### What this task involves
Everything from the line containing "NWOT Anne Klein" through the last line of the listing below should be returned exactly, except for pictures.

### Data extracts

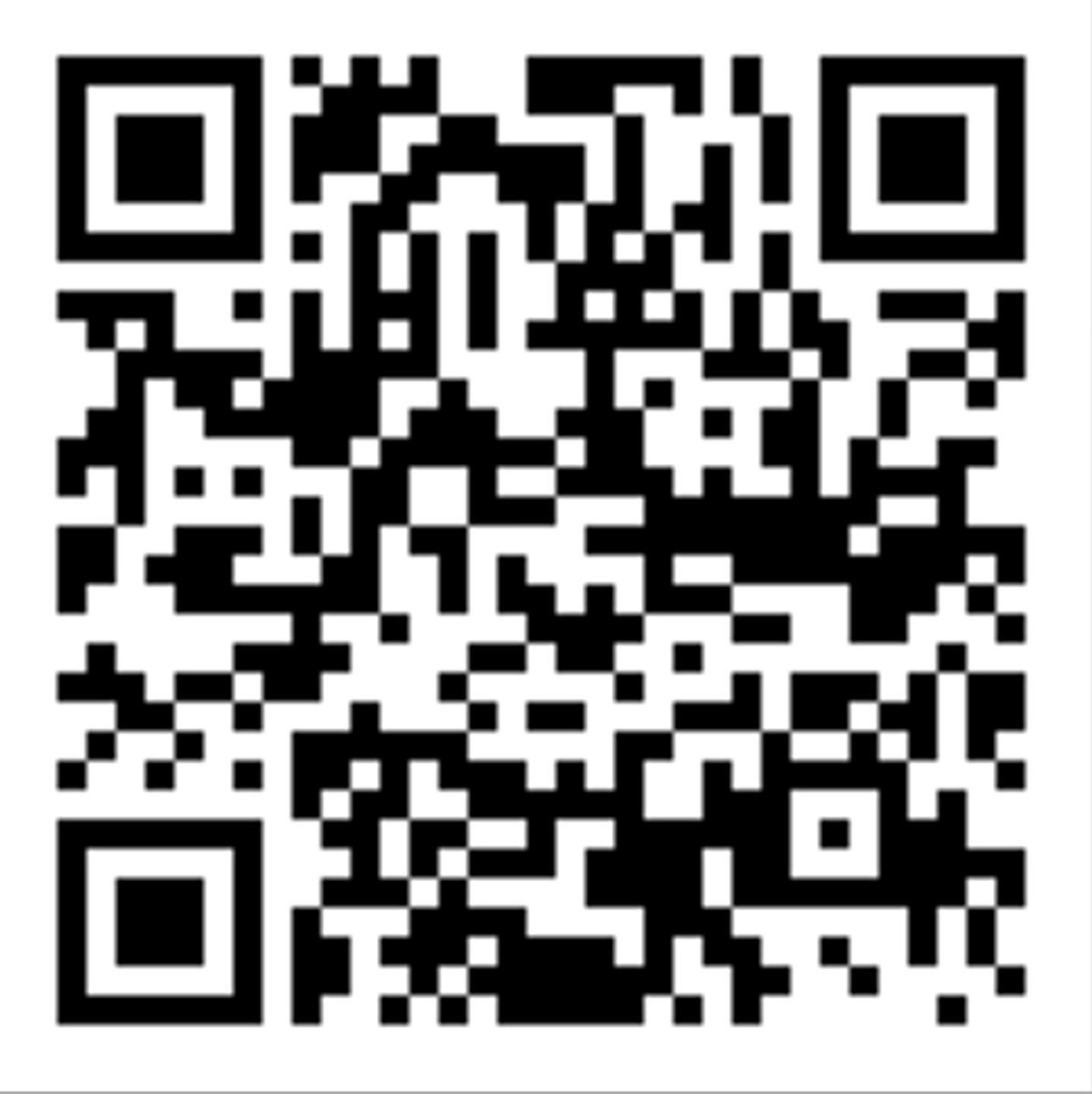 QR code with black and white squares.
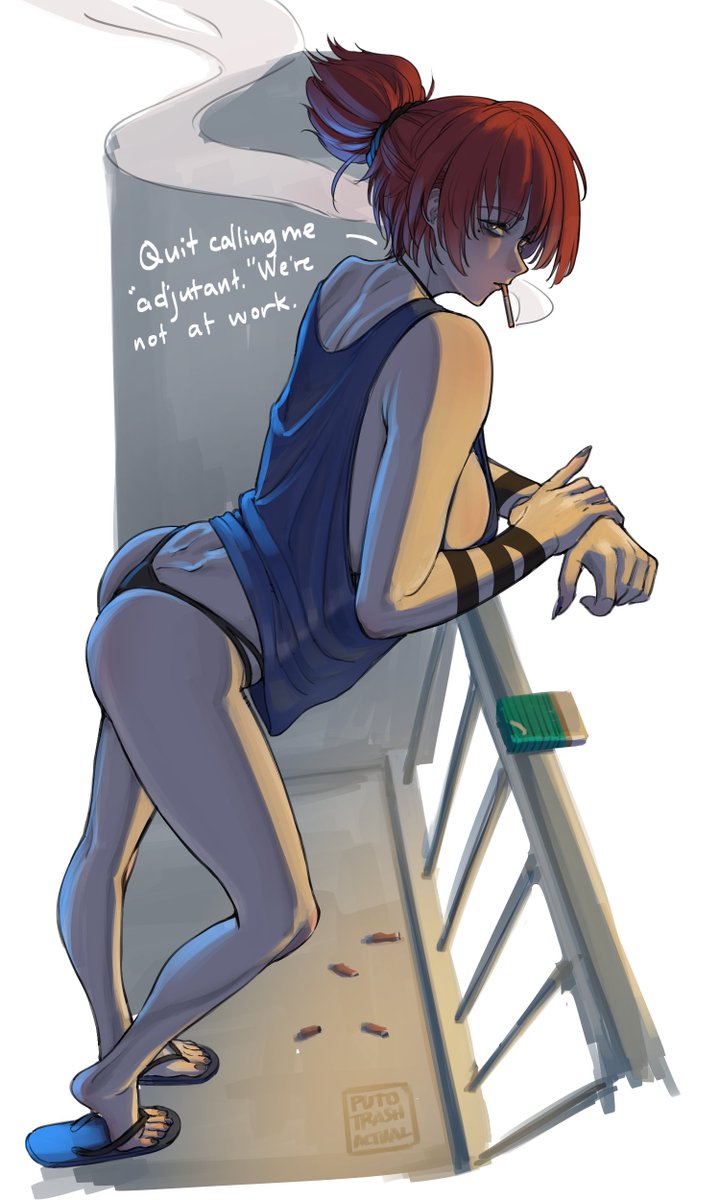 1girl artist_name ass black_panties blue_tank_top breasts cigarette cigarette_butt cigarette_pack commentary english_commentary english_text flip-flops full_body girls&#039;_frontline girls&#039;_frontline_2:_exilium green_eyes highres lentine_(girls&#039;_frontline_2) looking_at_viewer mole mole_under_eye panties puto_trash railing red_hair sandals short_hair sideboob smoking solo string_panties tank_top underwear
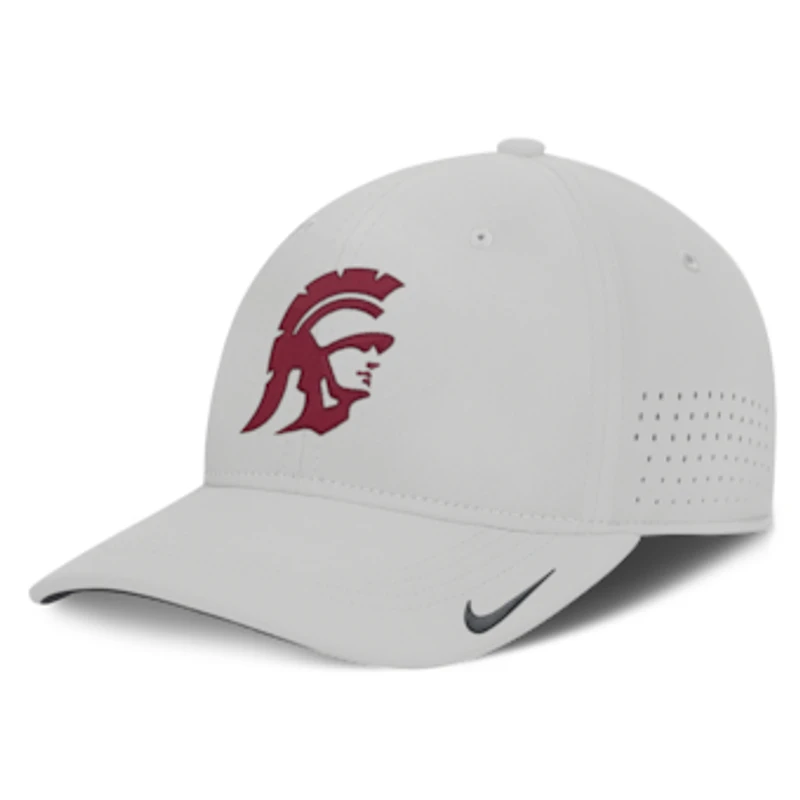 Men's Nike Gray USC Trojans 2026 Sideline Practice AeroBill Swooshflex Dri-FIT Hat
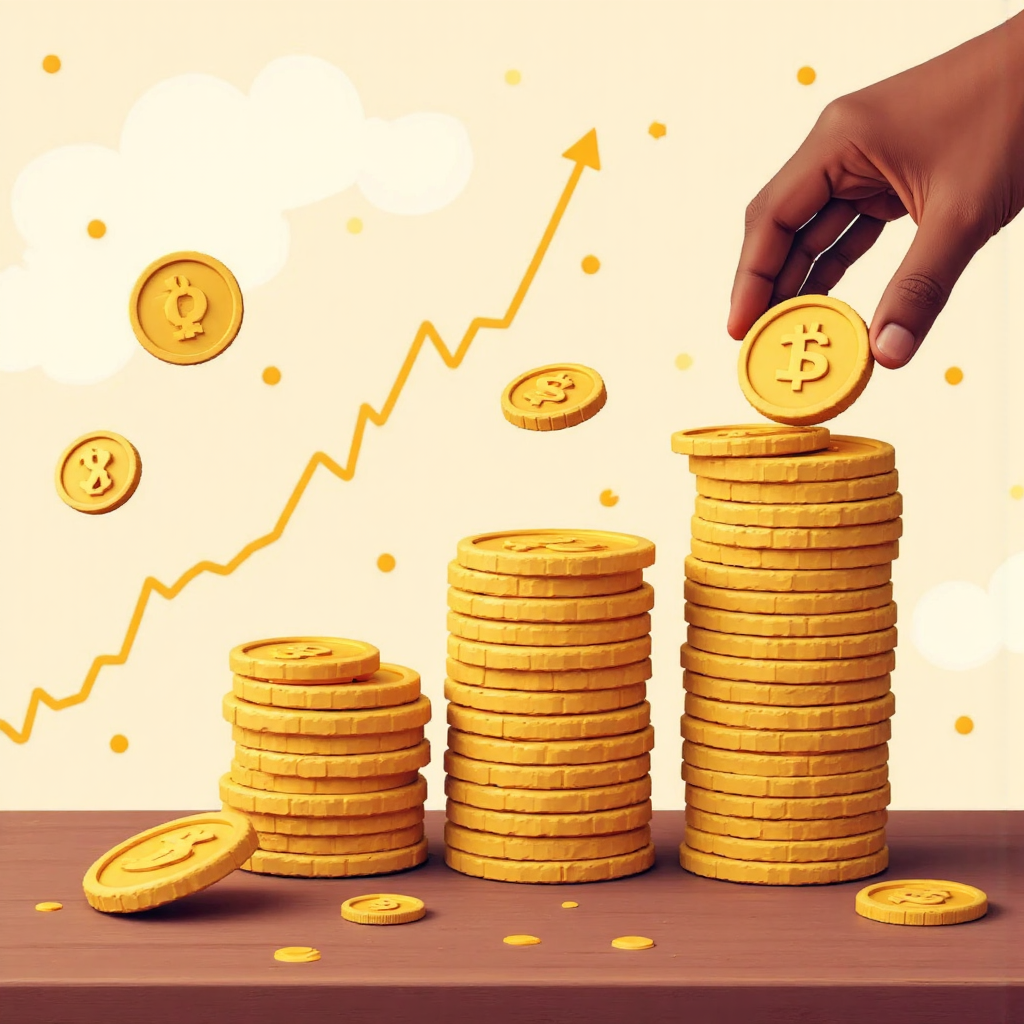 投資加倉概念的像素藝術插圖,手部添加金幣到投資堆疊,營造溫暖樂觀氛圍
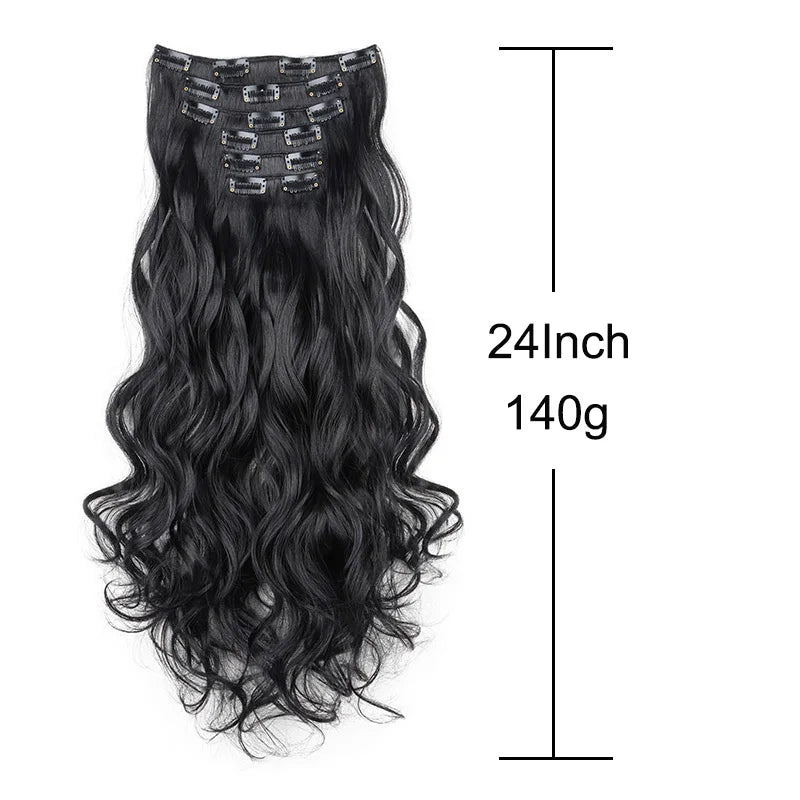 24 Inch Curly Clip In Hair Extensions Set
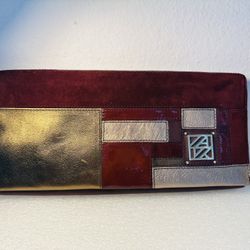 NWOT Anne Klein Genuine  Leather Plum Dark Purple Gold Leather Clutch Bag Purse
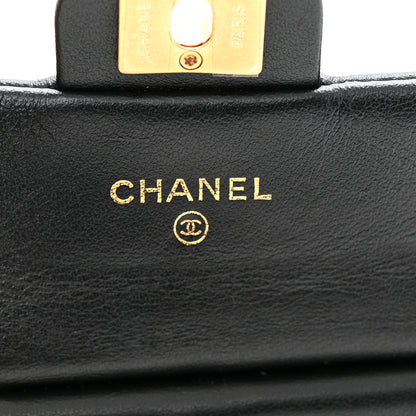 Chanel Calfskin Quilted Lady Handle Flap Card Holder With Chain Black 6 of 12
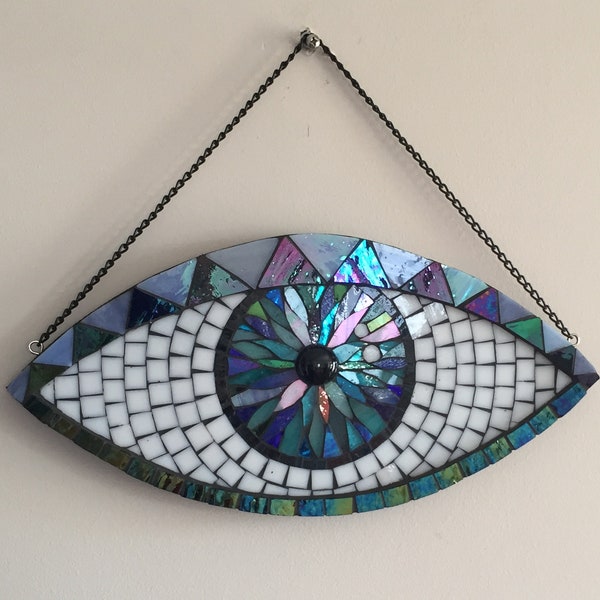 Eye In The Sky - Evil Eye home decoration - handmade wall pop art - unique wall hanging - modern glass mosaic - mesmerizing faith symbol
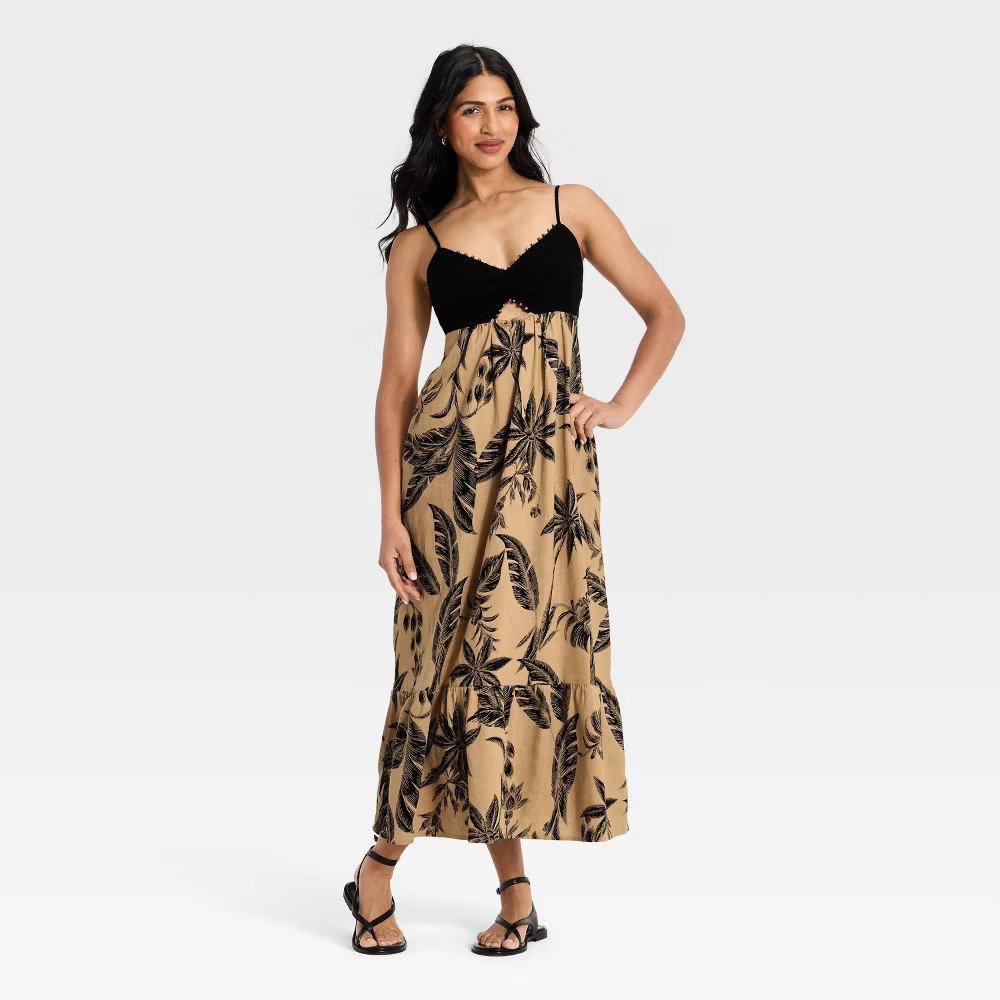 Women Beaded Strap Printed Maxi Dress – A New Day Black XL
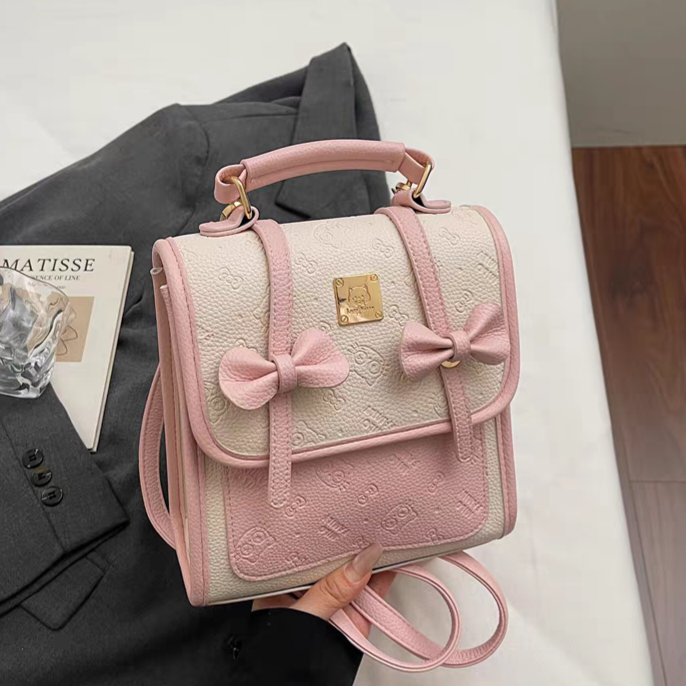 Bow Detail Mini Backpack Handbag – 20 cm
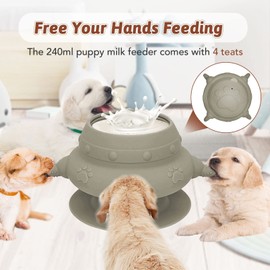 Puppy Feeder for Multiple Puppies, 4 Teats Puppy Milk Feeder Puppy Nipple Feeder Silicone Puppy Nursing Station, 240ml Puppy Nursing Bottles for Kittens, Puppies, Rabbits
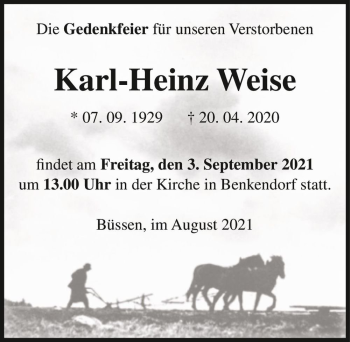 Traueranzeige von Karl-Heinz Weise  von Magdeburger Volksstimme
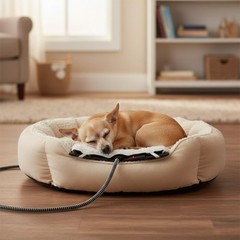 HM-60S 13 x 19 In Plastic Heated Pet Mat with Fleece Cover and Heavy Duty Ant…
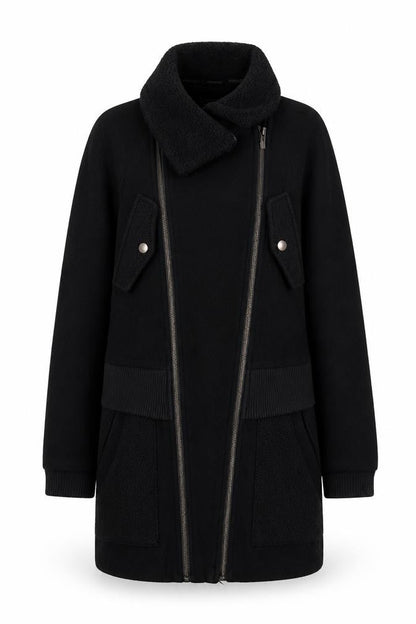 Womens UK Size 8 Warehouse Black Overcoat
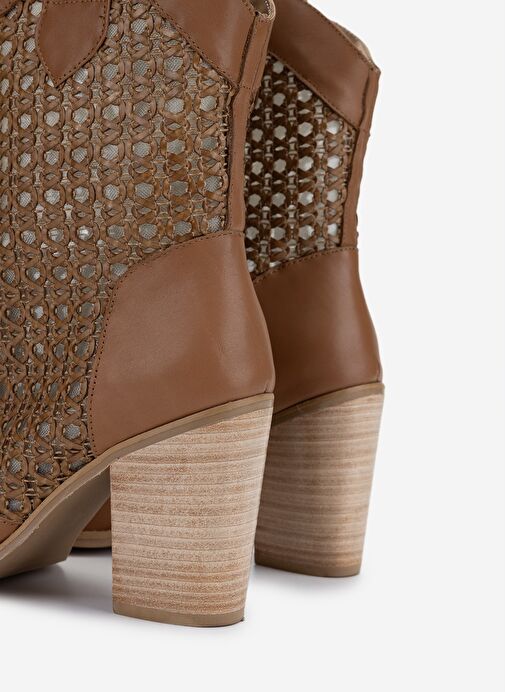 Valmenti Kadın Deri & Tekstil Taba Deri Topuklu Çizme - Görsel 5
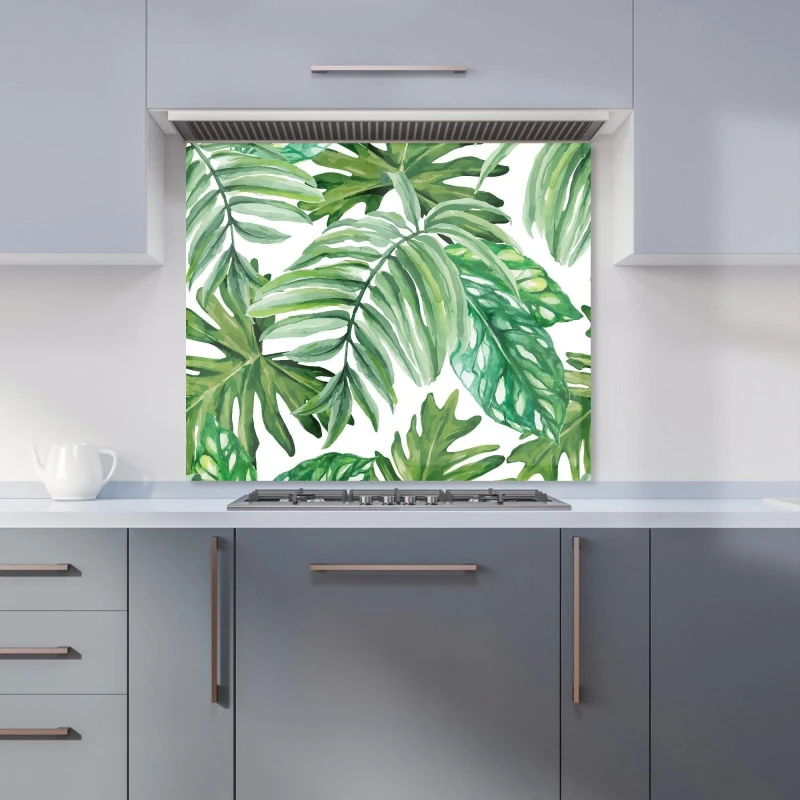 Image of Warren Reed - Designer Exotic Rainforest Leaves Kitchen Splashback in Green Size: 600mm x 750mm Green Unisex 600mm x 750mm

### Result of this task
 NWOT Anne Klein Genuine  Leather Plum Dark Purple Gold Leather Clutch Bag Purse
 Chanel Calfskin Quilted Lady Handle Flap Card Holder With Chain Black 6 of 12
 Eye In The Sky - Evil Eye home decoration - handmade wall pop art - unique wall hanging - modern glass mosaic - mesmerizing faith symbol
 Women Beaded Strap Printed Maxi Dress – A New Day Black XL
 Bow Detail Mini Backpack Handbag – 20 cm
 Puppy Feeder for Multiple Puppies, 4 Teats Puppy Milk Feeder Puppy Nipple Feeder Silicone Puppy Nursing Station, 240ml Puppy Nursing Bottles for Kittens, Puppies, Rabbits
 Traueranzeige von Karl-Heinz Weise  von Magdeburger Volksstimme
 HM-60S 13 x 19 In Plastic Heated Pet Mat with Fleece Cover and Heavy Duty Ant…
 Womens UK Size 8 Warehouse Black Overcoat
 Valmenti Kadın Deri & Tekstil Taba Deri Topuklu Çizme - Görsel 5
 Image of Warren Reed - Designer Exotic Rainforest Leaves Kitchen Splashback in Green Size: 600mm x 750mm Green Unisex 600mm x 750mm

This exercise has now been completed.